*** Opening of MATERIAL SUPPLIED ***
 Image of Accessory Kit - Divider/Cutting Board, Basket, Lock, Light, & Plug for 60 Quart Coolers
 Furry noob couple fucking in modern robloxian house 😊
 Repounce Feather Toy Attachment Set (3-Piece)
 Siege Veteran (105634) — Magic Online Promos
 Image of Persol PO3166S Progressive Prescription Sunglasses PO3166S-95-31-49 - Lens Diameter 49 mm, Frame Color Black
*** Close of MATERIAL SUPPLIED ***
*** Opening of MATERIAL SUPPLIED ***
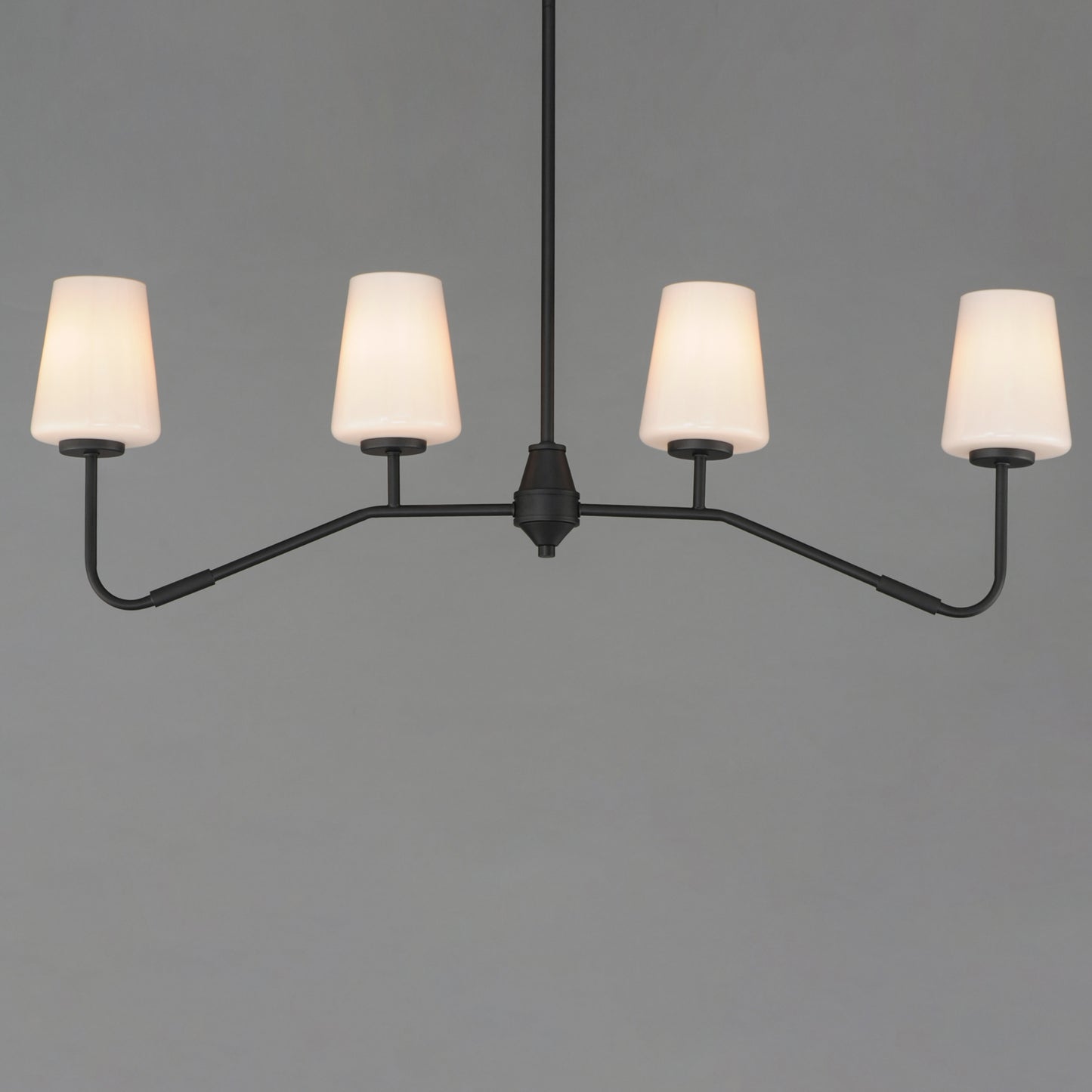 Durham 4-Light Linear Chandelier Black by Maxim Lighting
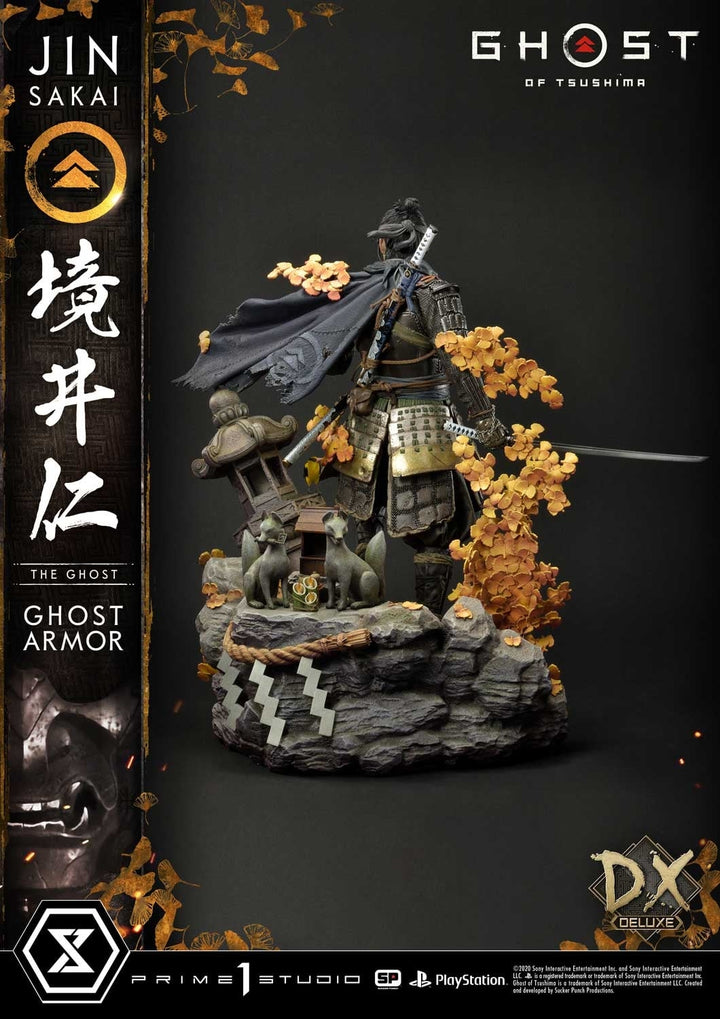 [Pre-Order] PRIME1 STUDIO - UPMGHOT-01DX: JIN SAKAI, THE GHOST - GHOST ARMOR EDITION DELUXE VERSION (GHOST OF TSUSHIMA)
*** Close of MATERIAL SUPPLIED ***
*** Opening of MATERIAL SUPPLIED ***
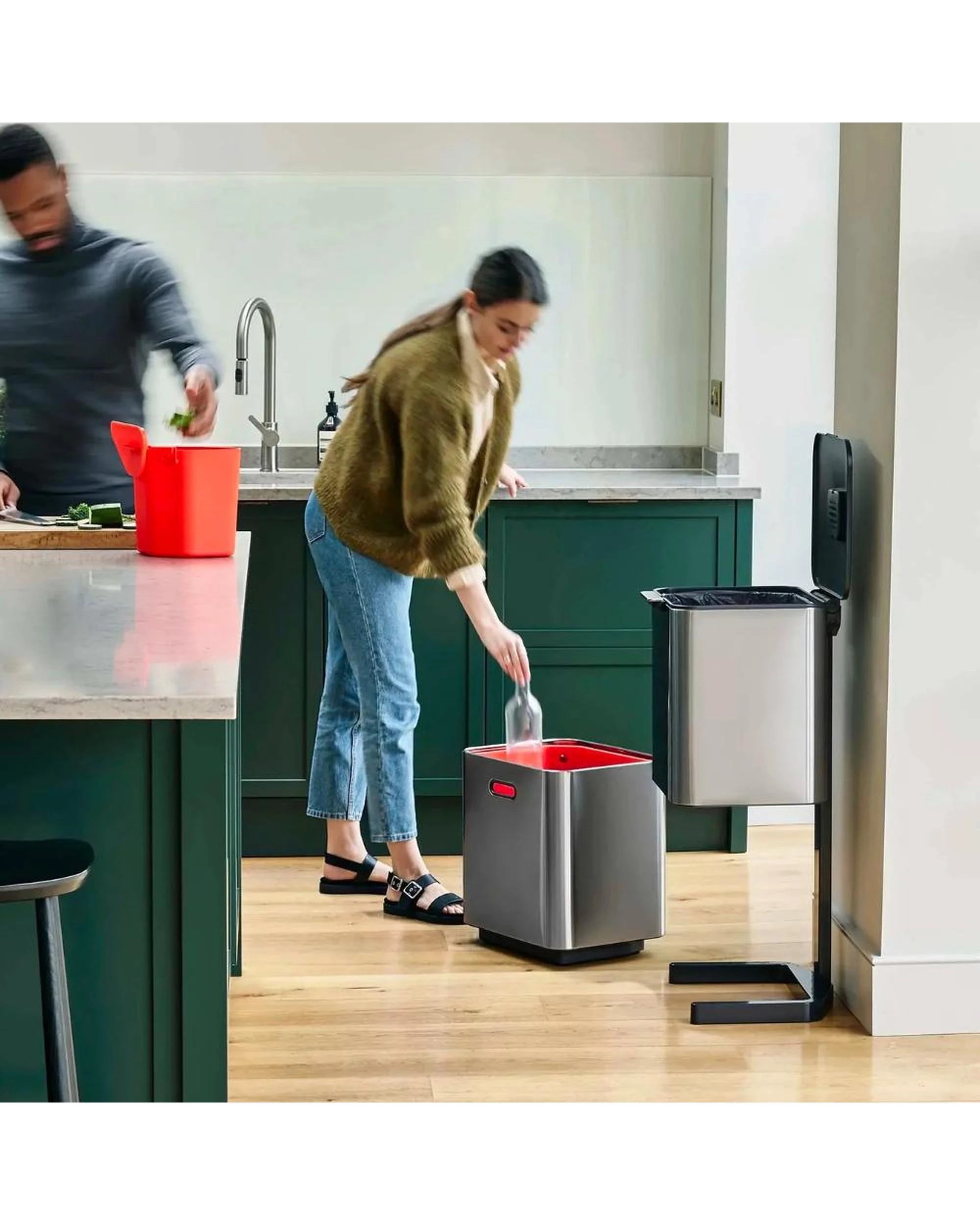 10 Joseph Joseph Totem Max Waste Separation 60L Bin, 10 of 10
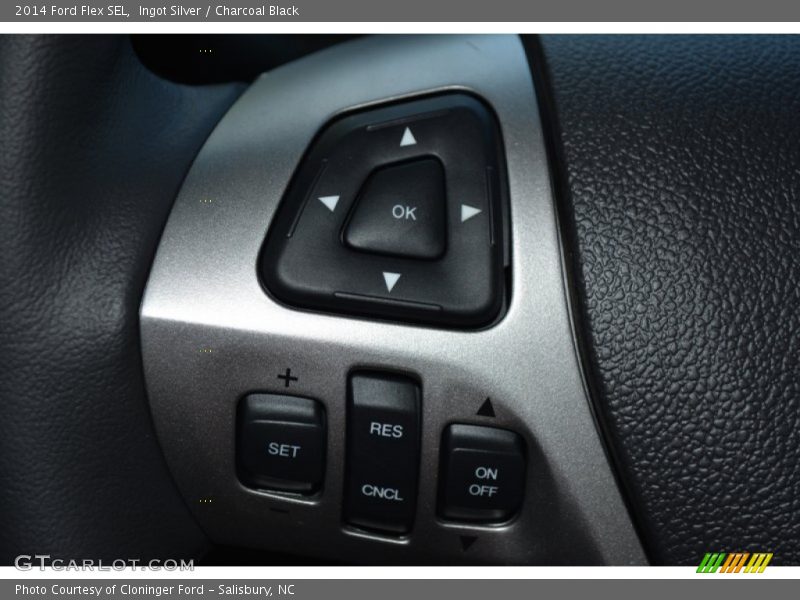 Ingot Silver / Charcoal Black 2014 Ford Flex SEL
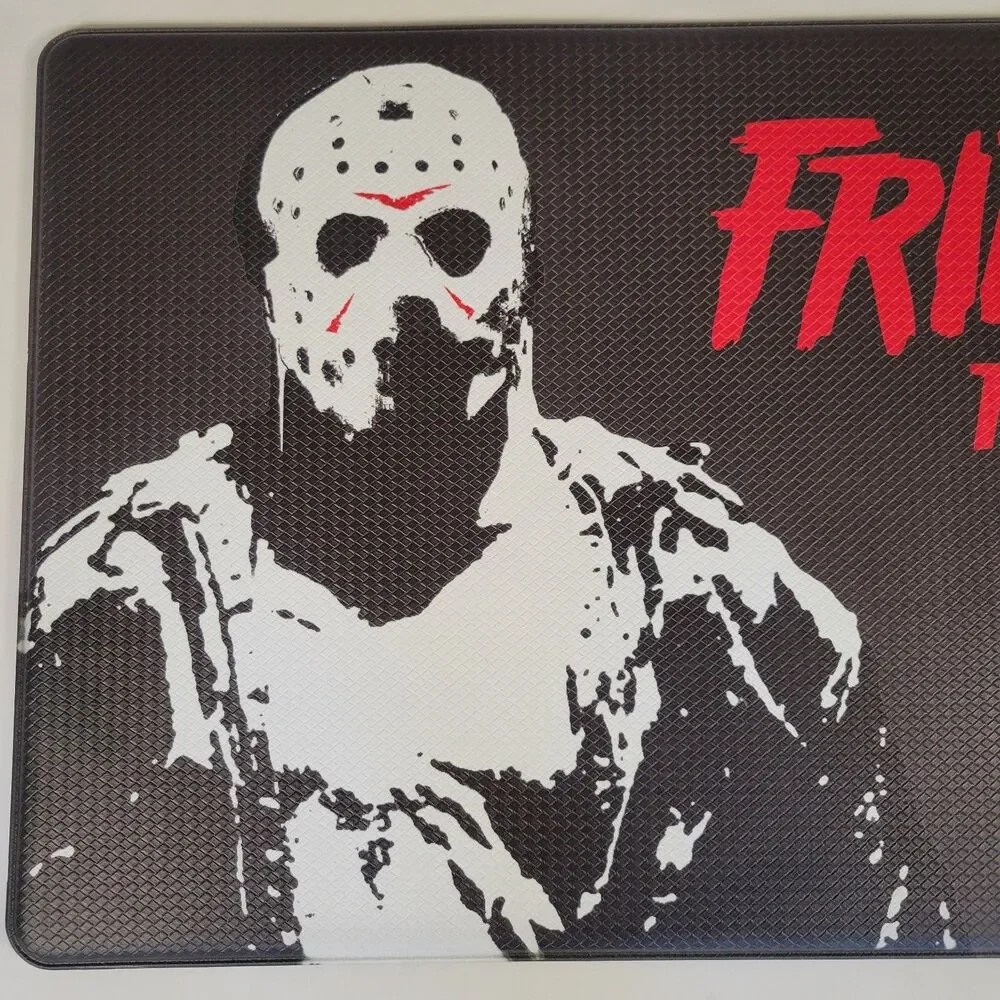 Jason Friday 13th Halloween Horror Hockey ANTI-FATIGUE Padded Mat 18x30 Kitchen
*** Close of MATERIAL SUPPLIED ***
§ **TASK OBJECTIVE**
Where the string "Image" occurs in the data, return the whole line.

§ **YOUR SOLUTION**
 Image of Accessory Kit - Divider/Cutting Board, Basket, Lock, Light, & Plug for 60 Quart Coolers
 Image of Persol PO3166S Progressive Prescription Sunglasses PO3166S-95-31-49 - Lens Diameter 49 mm, Frame Color Black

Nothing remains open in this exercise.